We've got a bunch of files to backup. We've got changes to these files through time. And we need an efficient method to store them and their changes.
The obvious solution comes first. Identify a file by path+name, its modification time, and then compress and backup it. To know if it has changed we can compare modification times. If the file to preserve is newer, we repeat the procedure. It works. It also is as far from optimal as it can get.
A first upgrade comes with a proper identification of the file. If we compute the hash code for its contents and use it to identify the file, we won't have to backup it again everytime we rename or move it. This helps with deduplication too. If the file exists more than once in the filesystem, we will be able now to do with just one copy of it. It may seem unimportant when we are backing up just one person's files, but we are dealing with an entire net of backups. Chances are that, if people from the same family share the program, they will share files too (photographs, i.e.). It doesn't mean that they know what others have in their computer. They don't and I will explain why and how it happens in the next post. If this procedure is applied to a company this is even more important. Different employees tend to have a huge list of duplicated files.
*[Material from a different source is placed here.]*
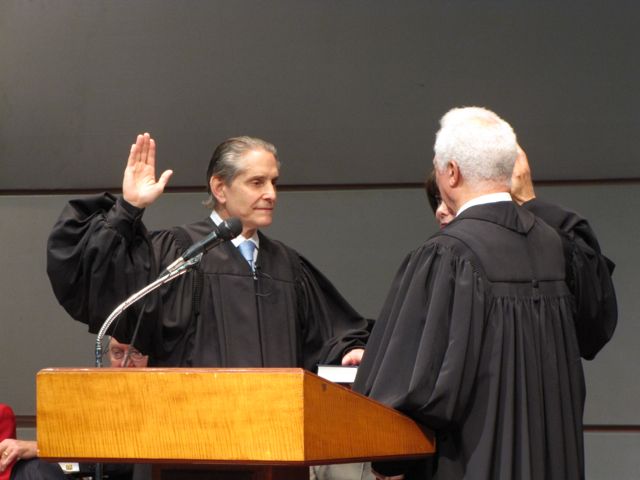 John B. Simon is sworn-in by Illinois Supreme Court Justice Charles E. Freeman.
Another optimization are blocks. When a file is changed usually only a part of it is modified. Splitting it in pieces (blocks) we can store only parts of the file that are changed, saving lots of space. Also, sometimes users store different versions of a file, only slightly modified. Blocks can save space and bandwith here too.
So what we are identifying by their hash codes and storing are blocks, not files. Files are then composed by its metadata (path+name, permissions...) and a list of blocks.
EDIT (12/02/2012): Last night a friend asked me how is deduplication possible when it means sharing data between users whose backups came from different nodes (with different cipher keys). One of the reasons of encrypting data is to keep it private. Privacy vs deduplication has been discussed in the Dropbox
case.
Of course, he's right. I've re read the
pStore paper and it achieves deduplication by encrypting blocks with a key derived from its hash code (convergent encryption). While it's unlikely that a user might get from another node a private or shared block which doesn't belong to him (even sha-1 has a 160 bit length), it seems quite plausible that a user could decrypt the whole content of his own hard drive, which consists of other people's backups. So for now "convergent encryption" is out and so is deduplication outside of own user's scope.
This only affects to backups made from different nodes. If a company has an unified backup, it can still benefit from deduplication. In this case the user (with a single cipher key) is the company, not its employees.
EDIT 2 (12/02/2012). I'm wrong again. Convergent encryption seems safe enough
(though see attack here). I just didn't know how it's used. You can read about it
here and
here. In a nutshell: you calculate the hash of a file. Then generate a symmetric encryption key with it and encrypt the file. Then re-calculate the hash (this time of the encrypted file) and use it as the identifier or locator for the file. You must keep the first hash in order to decrypt the file. The only way of calculating the decryption key is having the original file.